Stored data:
===
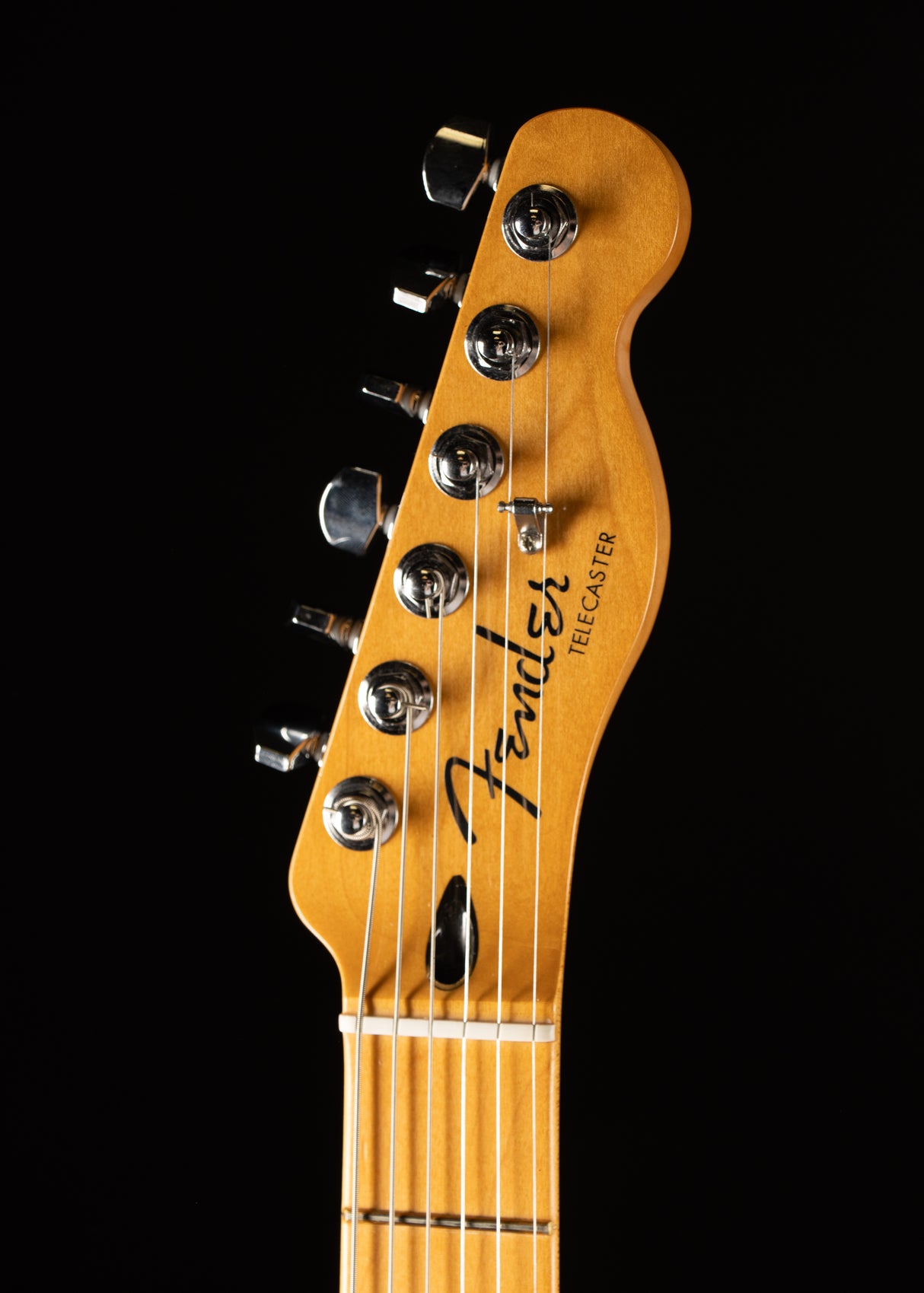 2023 Fender Telecaster Player Plus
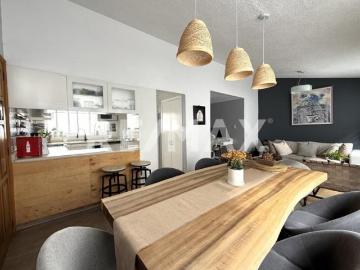 Venta de Casa tipo duplex en Lomas de Bezares, cerca de Bosques de las Lomas y de Santa Fe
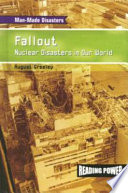 Fallout: Nuclear Disasters in Our World cover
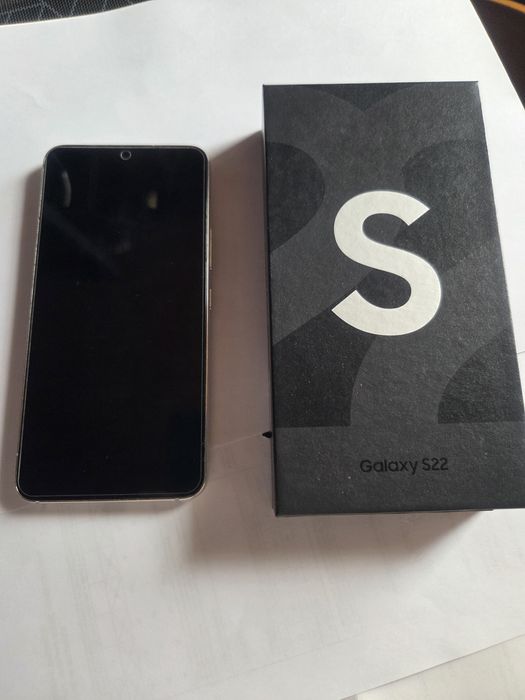 Samsung S22 128gb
===
Output nothing but an exact retyping of the material, pictures excluded.

 2023 Fender Telecaster Player Plus
 Venta de Casa tipo duplex en Lomas de Bezares, cerca de Bosques de las Lomas y de Santa Fe
 Fallout: Nuclear Disasters in Our World cover
 Samsung S22 128gb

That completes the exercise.